Output the data below exactly as it is, dropping the pictures from your copy.

Provided data =
-=-=-=-=-
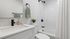 Modern bathroom with sleek white vanity, stylish black fixtures, and elegant shower area.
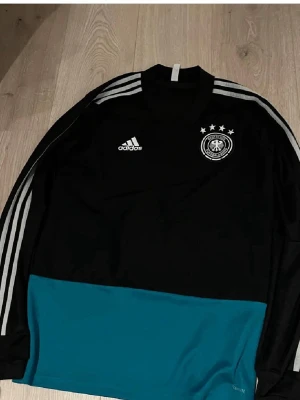 Adidas Tyskland långärmad träningströja - Snygg långärmad träningströja från Adidas med Tysklands landslagslogga och fyra stjärnor på bröstet. Tröjan är svart med gråa ränder på ärmarna och har en turkos nederdel. Tillverkad i lätt och funktionellt material, perfekt för fotbollsträning.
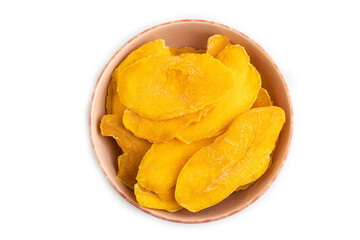 Dried Mango in ceramic bowl isolated on white. Top view, close up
-=-=-=-=-
Task output =
 Modern bathroom with sleek white vanity, stylish black fixtures, and elegant shower area.
 Adidas Tyskland långärmad träningströja - Snygg långärmad träningströja från Adidas med Tysklands landslagslogga och fyra stjärnor på bröstet. Tröjan är svart med gråa ränder på ärmarna och har en turkos nederdel. Tillverkad i lätt och funktionellt material, perfekt för fotbollsträning.
 Dried Mango in ceramic bowl isolated on white. Top view, close up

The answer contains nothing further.